7 thoughts on “Great, Something Else To Worry About…

  1. For what it is worth, that Greyhound DC terminal is preserved in the facade of an office building on New York Avenue. It has been an office building for as long as I have been travelling to DC for business. That’s about 30 years.

    Bus companies have thin margins, gas as other costs inflation, and customers suffering low wage stagnation. I am surprised any are still doing ok.

  2. So the land is going to private developers. In this economy. This is really making me laugh (or I would cry).

    Downtown of my small city is going through one of this “sold to a private developer to make a walkable city” phase. They even got waivers from the city council to build taller buildings than approved by code and a bunch of other concessions including cost sharing with the city for infrastructure.

    And then the not-recession of the past couple of years hit. The private firm in charge of the development has been trying to get out of it for the past six months looking for the smallest pretext on the city, or others signing the contract, to pull out. A major family-owned store in downtown sold their land with the understanding that they would get preferential treatment on a long-term lease. Now that the development is off they are being forced to close because the previously signed contract is void. About four blocks (of a twelve block downtown) are about to become fenced off areas that will not be redeveloped in years; ripe to be taken over by encampments that the city will be reluctant to drive off by enforcing the law. And of course, everyone in city government who pushed for this either because of kickbacks or being true believers are pretending everything is dandy.

    This has happened before and will happen again.

    Best of luck to the victim cities here. Wish you the best, and hopefully once you come out of the other side of this crisis of governance you will be ready to make the right decisions.

  3. Add this to all the farmland being purchased by tech giants like Bill Gates and the Chinese. The Chinese are using much of it to grow alfalfa and ship to China, effectively as a method to ship our groundwater to China. Gates is apparently taking the land out of cultivation and allowing it to go fallow at a time of the greatest worldwide famine in recent history. Where is the Department of Agriculture on this?

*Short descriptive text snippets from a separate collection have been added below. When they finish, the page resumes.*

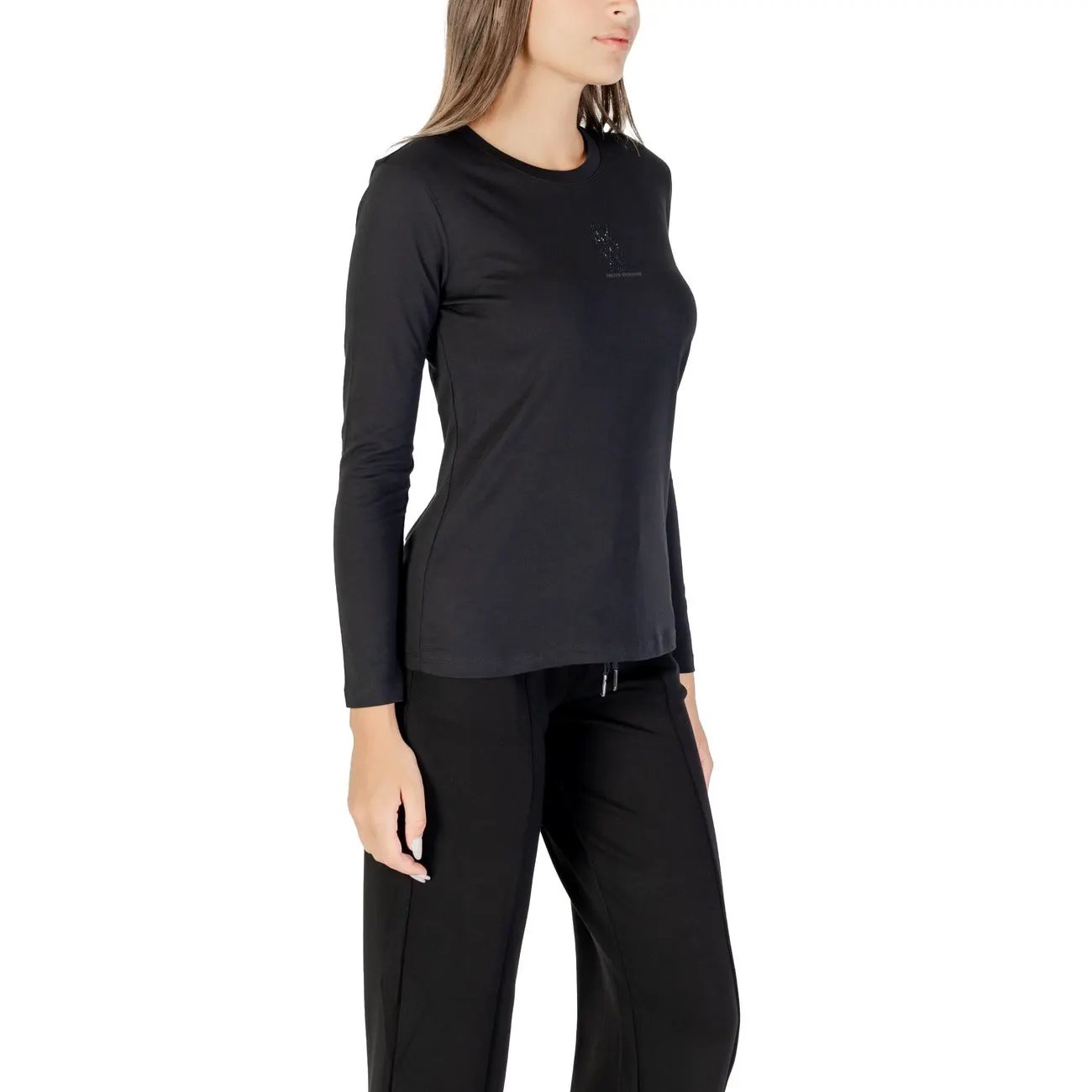 Armani Exchange - Armani Exchange Women T-Shirt by Armani Exchange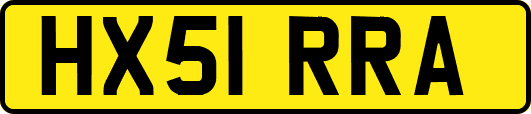 HX51RRA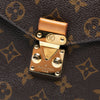 Louis Vuitton Monogram Pochette Metis Secondhand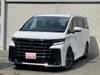 TOYOTA VELLFIRE HYBRID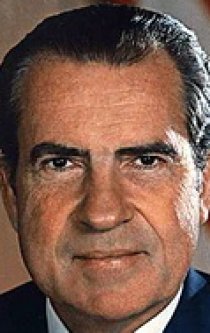 «Ричард Никсон»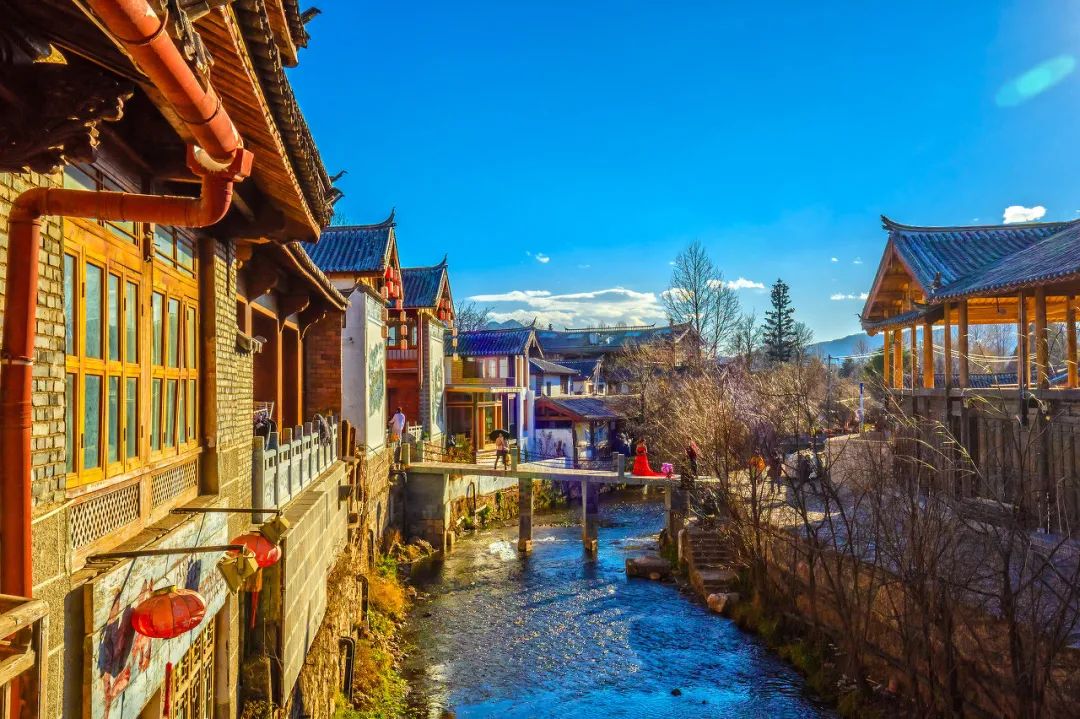 12月想要什么,12月的冬日暖阳岁月如此静好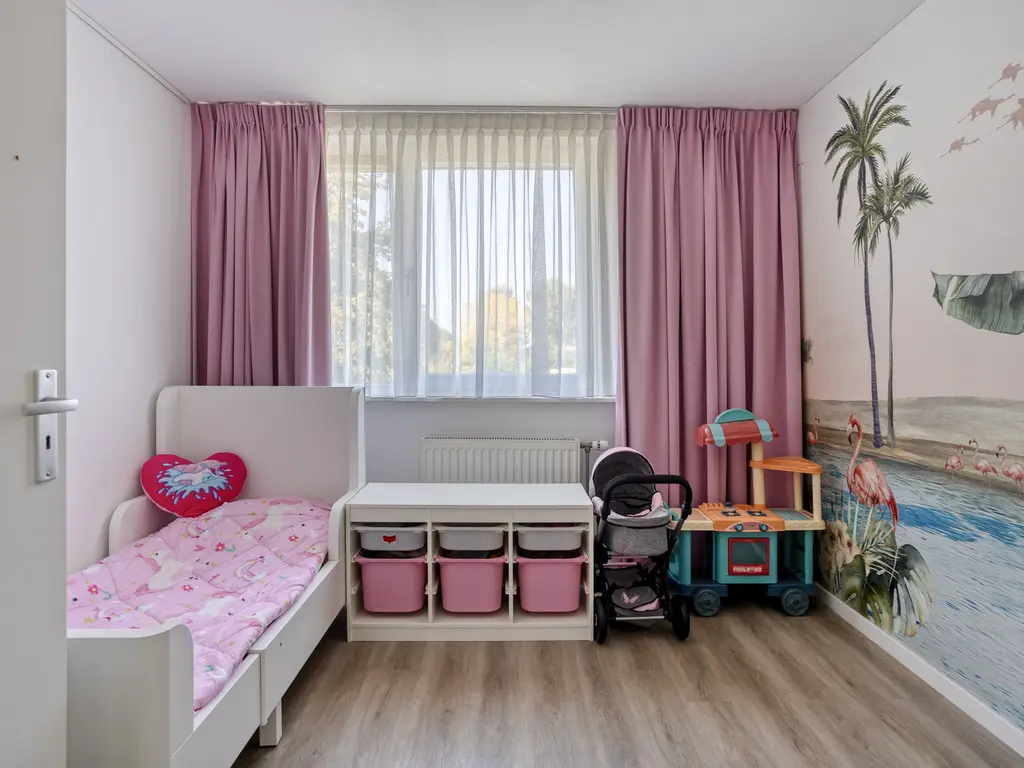 Spakenburglaan 76, TILBURG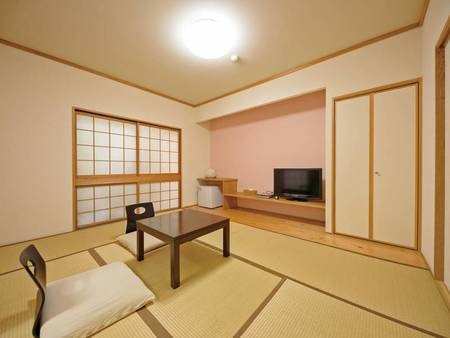 温室風呂付和室６畳「櫻」【禁煙】/一例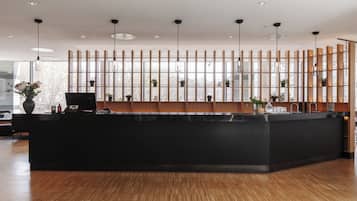Businesscenter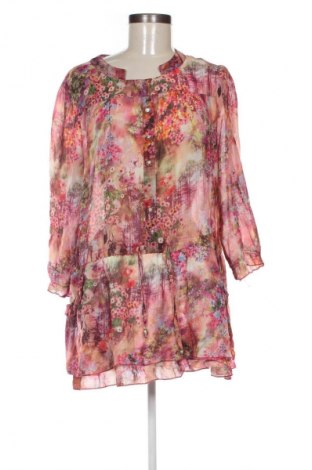 Damen Shirt Unbranded, Größe L, Farbe Mehrfarbig, Preis 5,99 €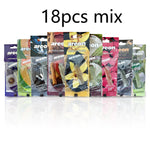 Car Air Freshener Natural Tea Fragrance | Vehicle-Mounted Hanging Vanilla Scent Water Dr detail view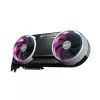 Gigabyte AORUS GeForce RTX 5080 INFINITY 16G Grafikkarte, 16 GB GDDR7, PCIe 5.0, DLSS 4, RGB Fusion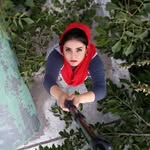 aynaz akbari - @akbariaynaz - Instagram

    • That 384,000 acres of farmland owned by Chinese investors and companies with Chinese shareholders is really worrisome. Even more concerning is the 672,000 acres owned by the Cayman Islands, or Denmark, at 856,000 acres. Or, worst of all, Canada, with over 12.8 million acres of farmland in the US.

      Bill Gates owning 248,000 acres is much more concerning than Jeff Bezos 420,000 acres. Bezos uses his farmland for good ole rocketry. Don’t need farms when you’re going to the Moon.